The Central Housing and Planning Authority (CH&PA) will spend over $100M on corrective works to core homes built by contractors under the People’s Progressive Party/Civic (PPP/C) Administration, according to Board Chairman Hamilton Green.

And as works on the turn-key homes resume, standards for works are being developed by the CH&PA to guide contractors.

“Bad roofs, leaking roofs, walls that are twisted, paint peeling, septic tanks porous, floors that were doing a special dance, among other things,” was how Green yesterday described some of the defects found.

During questioning at a press conference, Green requested that members of management of the CH&PA attend to deal with the respective issues. However, he was told that no member of management was available.

Veteran engineer and CH&PA Board member Bert Carter explained that of 200 core homes in the Perseverance, East Bank of Demerara New Housing Scheme, 59 were completed but only 45 of those were occupied.

He said that while there have been complaints from nearly all of the homeowners in occupancy, there were 13 homes in particular where serious corrective works have to be undertaken.

Carter pointed out that the problem is not with designs of the homes but with the construction works undertaken to build them.

As a result, he said that he and CH&PA engineers are working on putting together a standards code for works to be done in the future.

“First of all, when you are going to church everyone sings out of the same hymn book and I think one of the problems is these contractors who are given houses to build didn’t have the same hymnal, the same practice and so everybody has a different standard,” he said.

“I want to be very fair to the young engineers. Each contractor will have what he considers to be his standard, so we are trying to write standards. We are trying to get one for the electrical. I’m trying to get one for the plumbing and so on, so that anybody that is doing work on that site will have the same standards to follow,” he added.

Green yesterday reiterated what he had told Stabroek News in an interview about plans for making the housing sector better.

These include that homeowners will be given a chance to interface with the contractors of their turn-key homes and request modifications, as the Board decided to terminate the government’s system of supplying building materials to contractors because of mismanagement.

“All in all, we are attempting to retool… We asked the authorities to have dialogue with the groups when work is started, so that once the persons are identified for a particular area, they can meet the contractors,” Green had said.

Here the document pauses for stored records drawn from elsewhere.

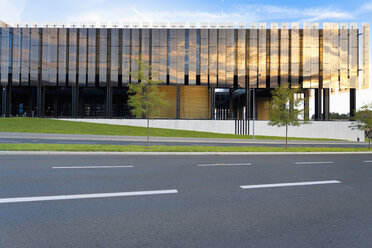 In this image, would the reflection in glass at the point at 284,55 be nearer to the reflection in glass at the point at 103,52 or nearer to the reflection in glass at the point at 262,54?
the reflection in glass at the point at 262,54

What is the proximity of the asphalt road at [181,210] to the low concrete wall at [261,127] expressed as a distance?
28821mm

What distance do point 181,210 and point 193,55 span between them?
36359 mm

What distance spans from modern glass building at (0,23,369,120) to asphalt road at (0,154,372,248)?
108 ft

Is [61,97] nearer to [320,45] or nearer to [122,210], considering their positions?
[320,45]

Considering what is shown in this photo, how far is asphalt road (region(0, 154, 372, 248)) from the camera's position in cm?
318

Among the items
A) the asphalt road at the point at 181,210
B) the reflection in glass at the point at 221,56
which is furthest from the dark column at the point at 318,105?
the asphalt road at the point at 181,210

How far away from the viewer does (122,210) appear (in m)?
4.16

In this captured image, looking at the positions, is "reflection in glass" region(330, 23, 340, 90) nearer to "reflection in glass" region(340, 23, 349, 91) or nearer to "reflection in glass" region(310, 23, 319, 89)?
"reflection in glass" region(340, 23, 349, 91)

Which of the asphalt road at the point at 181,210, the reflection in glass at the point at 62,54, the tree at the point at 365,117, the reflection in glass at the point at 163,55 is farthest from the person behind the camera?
the reflection in glass at the point at 62,54

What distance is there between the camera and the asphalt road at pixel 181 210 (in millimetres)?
3178

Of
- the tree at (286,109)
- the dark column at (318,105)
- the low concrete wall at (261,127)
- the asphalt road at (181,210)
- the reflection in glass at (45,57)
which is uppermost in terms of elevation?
the reflection in glass at (45,57)

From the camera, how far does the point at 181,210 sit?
13.9ft

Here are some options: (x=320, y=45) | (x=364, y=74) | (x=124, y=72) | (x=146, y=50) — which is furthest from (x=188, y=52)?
(x=364, y=74)

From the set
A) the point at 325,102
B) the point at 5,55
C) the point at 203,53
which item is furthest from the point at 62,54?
the point at 325,102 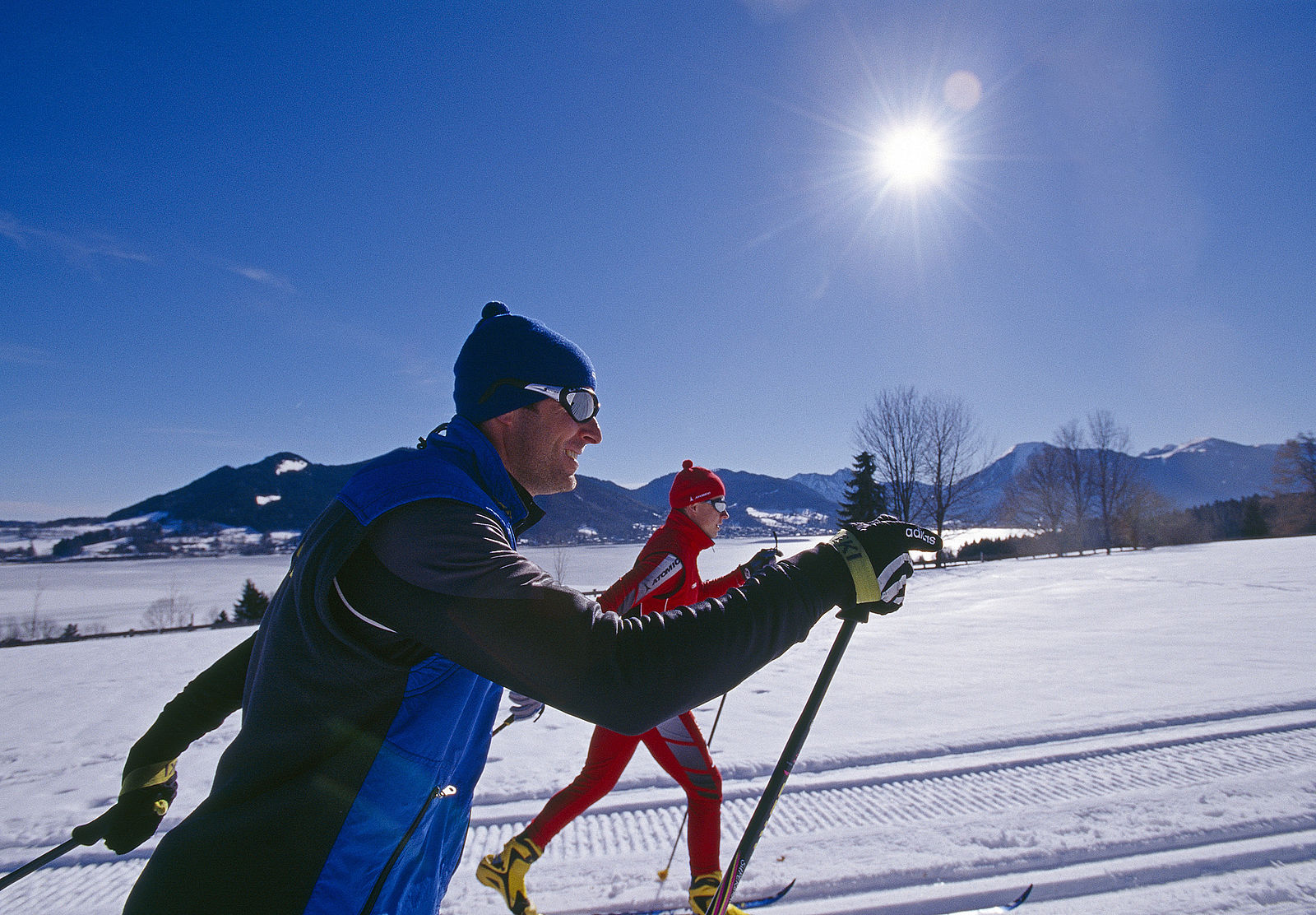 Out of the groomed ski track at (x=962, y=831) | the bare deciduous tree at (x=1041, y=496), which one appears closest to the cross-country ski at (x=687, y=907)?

“When I took over as Chairman, I was very concerned about the low quality of workmanship and materials on many of these so-called turn-key houses. With the other board members, we have proposed a halt so that there will be development of a new plan.

Right now, we will only permit the completion of homes which already [are] halfway or three-quarters’ way complete .We found instances where homes were not occupied because of complaints by the potential homeowners and their families of poor quality work. I am telling you, from walls cracking before completion, floors, doors, everything.

So we put a halt on any expansion to allow us to come up with a new regime, a new modus operandi that should save us from the misuse of funds so that the home owners are the real beneficiaries and not a group of persons with certain connections,” he added.

He said evidence showed that the work was poor and it was not limited to the houses as roads were also of a poor quality, with inferior materials used as the base.